Which is maybe why Alia is so quick to try to clarify that yes, she feels safe, but not….something.  Something isn’t there with her boyfriends that is there with her friends.  And she has the same kind of hesitant and thoughtful look on her face that she had at the beginning of this session.

She still has that look later when she walks along the beach and spots Ali singing the song he wrote for her.  Ali has his usual group of dreadlocked tourists, including a couple of girls doing a fire dance behind him (and seeming very bored with it, almost as bad as the ribbon dances at the finale of Sultan).  He sees Alia and smiles at her and immediate stops playing.

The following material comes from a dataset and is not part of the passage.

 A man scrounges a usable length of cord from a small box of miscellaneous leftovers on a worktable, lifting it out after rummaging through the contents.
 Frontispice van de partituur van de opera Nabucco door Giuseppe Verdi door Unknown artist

Alia smiles back and gestures for him to go on.  So he goes back to playing, and when he looks up, she is gone.  He looks for a bit, then goes back to playing.

And Alia goes home (still the same outfit), to talk to Jackie.  She walks into her room and is all happy to see that Jackie is already talking to Fatty on Skype (Skype=the only conceivable means of communication in this cinematic universe).  Only, she notices right away, that Jackie and Fatty have silly smiles on their faces.  And asks them “What, what?”  And Fatty says “Jackie has a booooyfrieeeend.”  Alia is all excited, and then jumps to “Why didn’t you tell me?”  And then makes another leap “Is it that guy from the bar?  You said he was weird!”  Jackie jumps in “See!  This is why I didn’t tell you, you always make fun of my guys!” Alia doesn’t accept that, is still mad, Fatty is on Skype trying to distract them, stands up to show off her big her pregnancy stomach is now.  Finally they get to the root of it, Jackie says that she didn’t tell Alia because she is “never here!”  Alia jumps in defensively “What, I’m here!  I’m HERE!”  And as she is protesting, Jackie storms off, and Fatty hangs up on Skype, so Alia is left to look at a blank computer screen saying “Fatty?  Hello?”

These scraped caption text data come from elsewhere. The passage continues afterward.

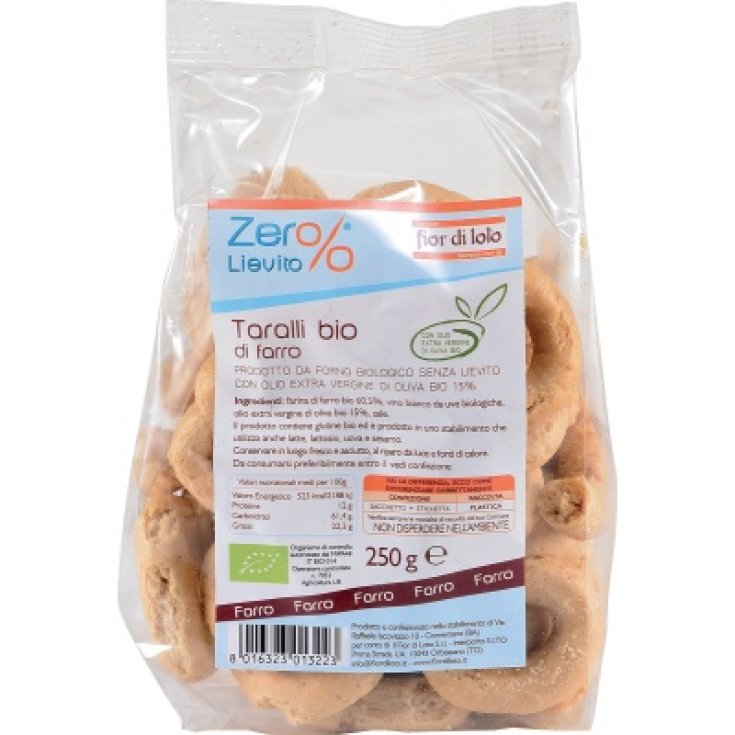 Fior di Loto Taralli Farro with Organic Extra Virgin Olive Oil 250g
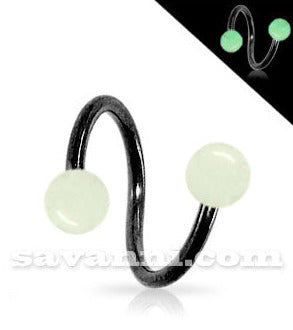 1.2mm Musta Spiraali Loistaa Pimeässä Pallot 4mm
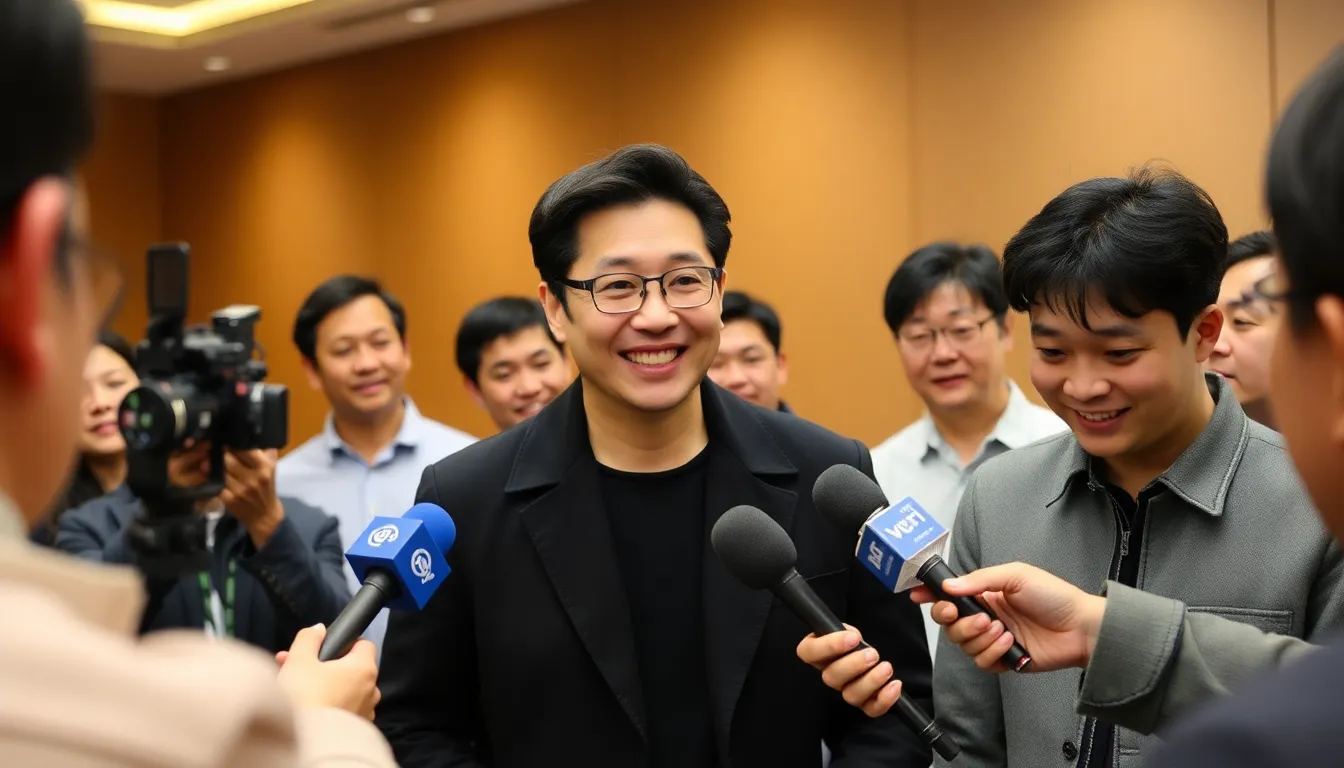 Lee Sung Jin smiles while discussing his excitement for writing the script of the XMen reboot during a press conference.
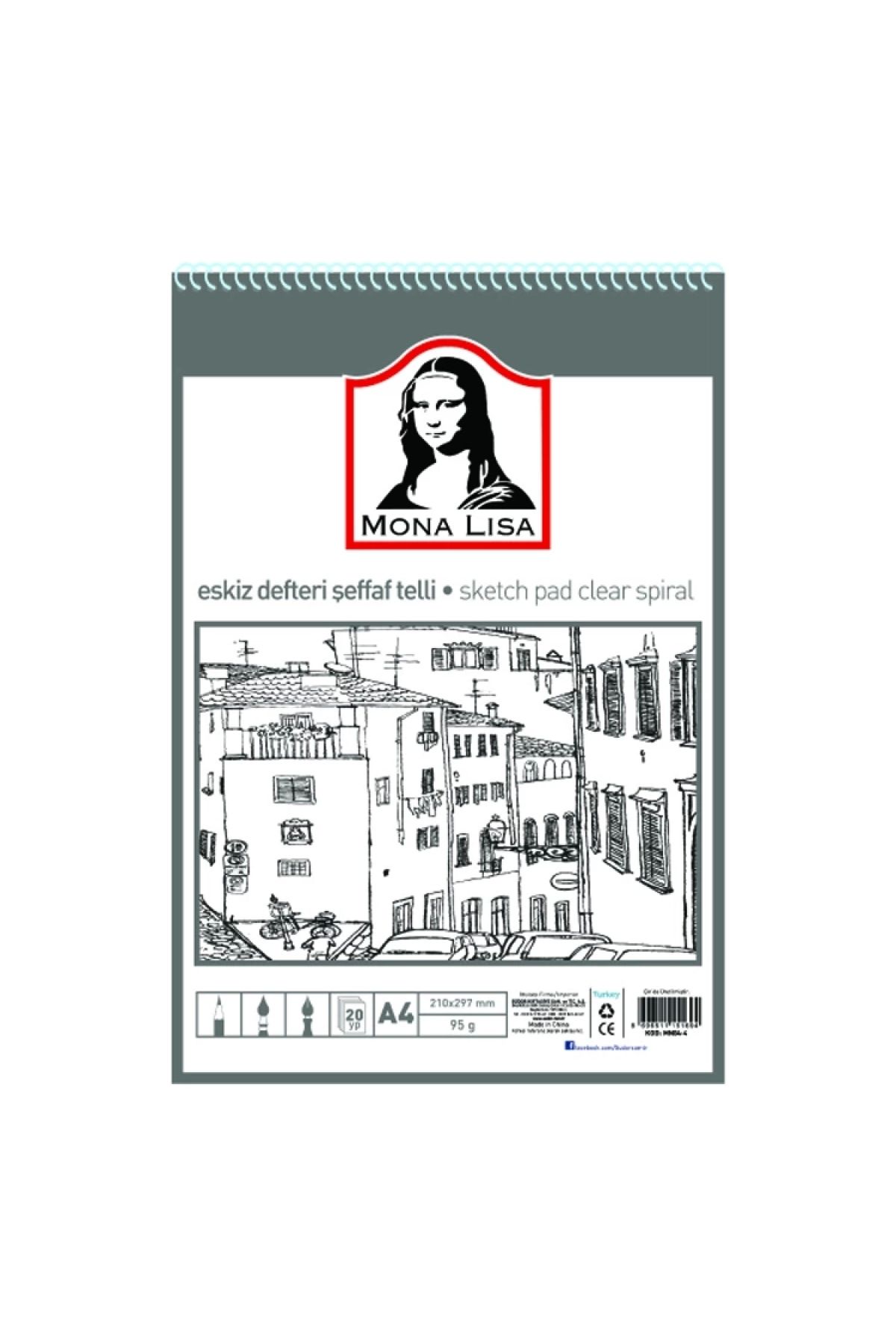Monalisa-Mn04-4 Sketchbook with Transparent Wire A4 95g 20 Yp 1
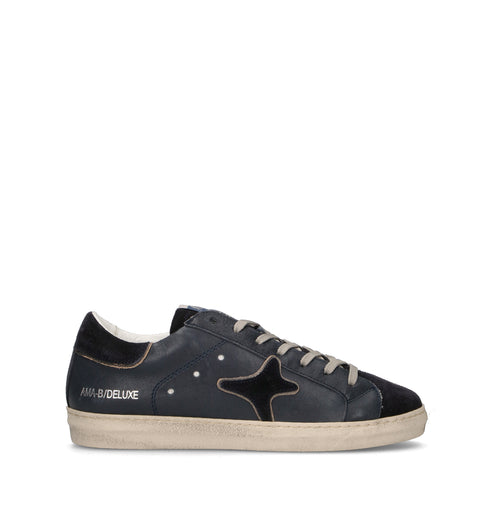 AMA-BRAND Sneaker uomo nera in pelle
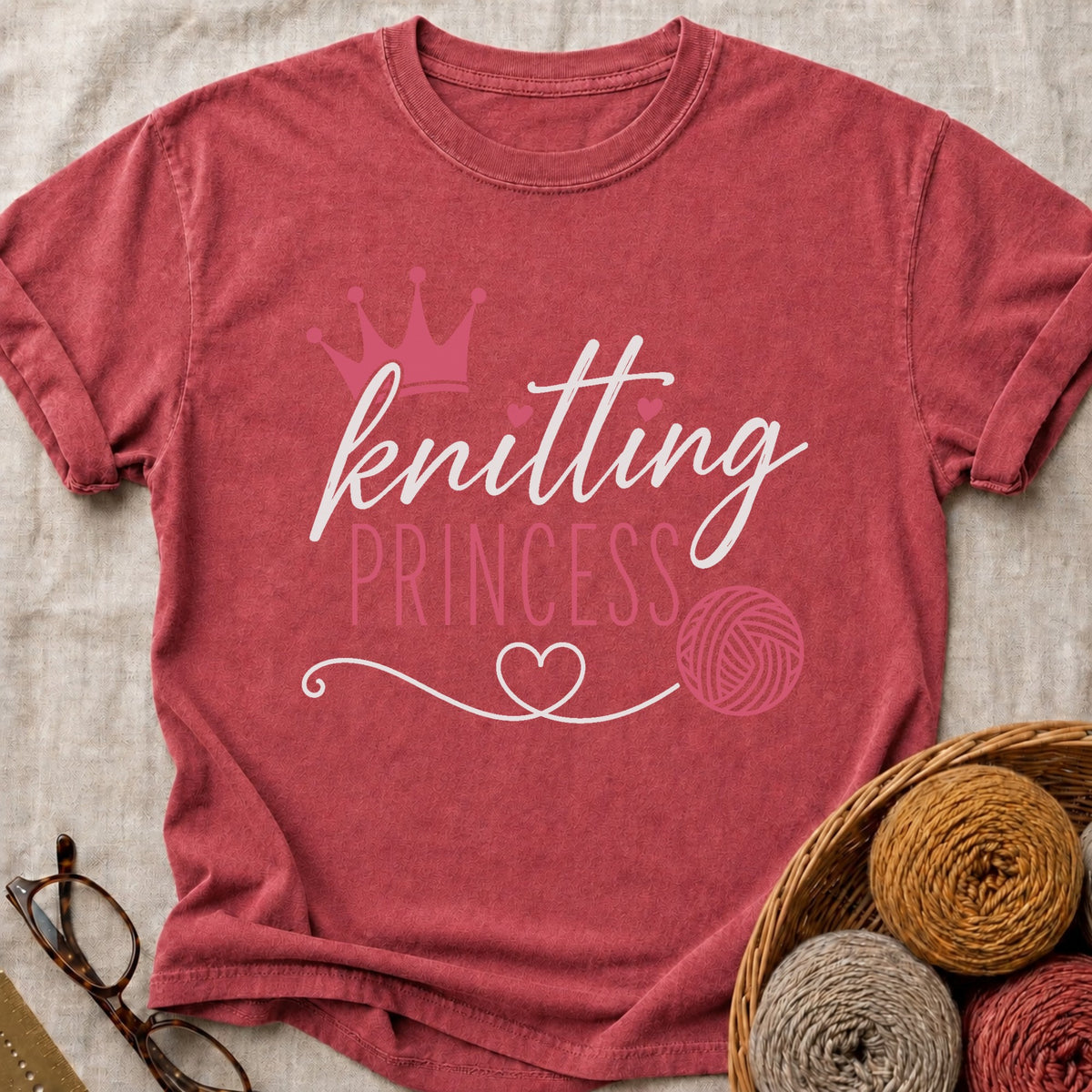 Knitting Princess T-Shirt in Brick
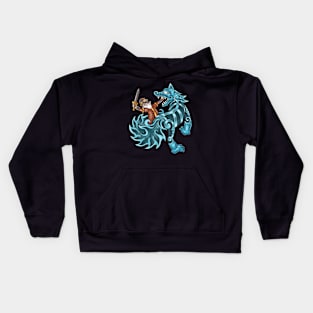 Viking Deities - Tyr and Fenrir Kids Hoodie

(Jackie also says that she spent the whole night dancing and listening to Honey Singh songs with him, and it was good fun!  That does sound like good fun!  Jackie!  I will hang out with you!)

Oh man, I forgot something!  Well, two things.  First, there was a scene between the first session and her date with Ali, Alia and Jackie and her large assistant drunk and hanging out on Jackie’s porch.  Alia talks about how she likes people who smell nice, Jackie and her assistant have a spot on “drunk wisdom” conversation about how dogs also like people who smell nice.  And Alia quotes Shahrukh at them, and then all sigh and repeat his name “khhhhhaaaaan.”  Also, during that first session when she is talking about Ali and liking to talk while he likes music, she accidentally knocks over a little knight figurine sitting on the table and breaks it.  She tries to put it back together again, and apologizes, but Shahrukh tells her it’s fine he “likes to fix broken things.”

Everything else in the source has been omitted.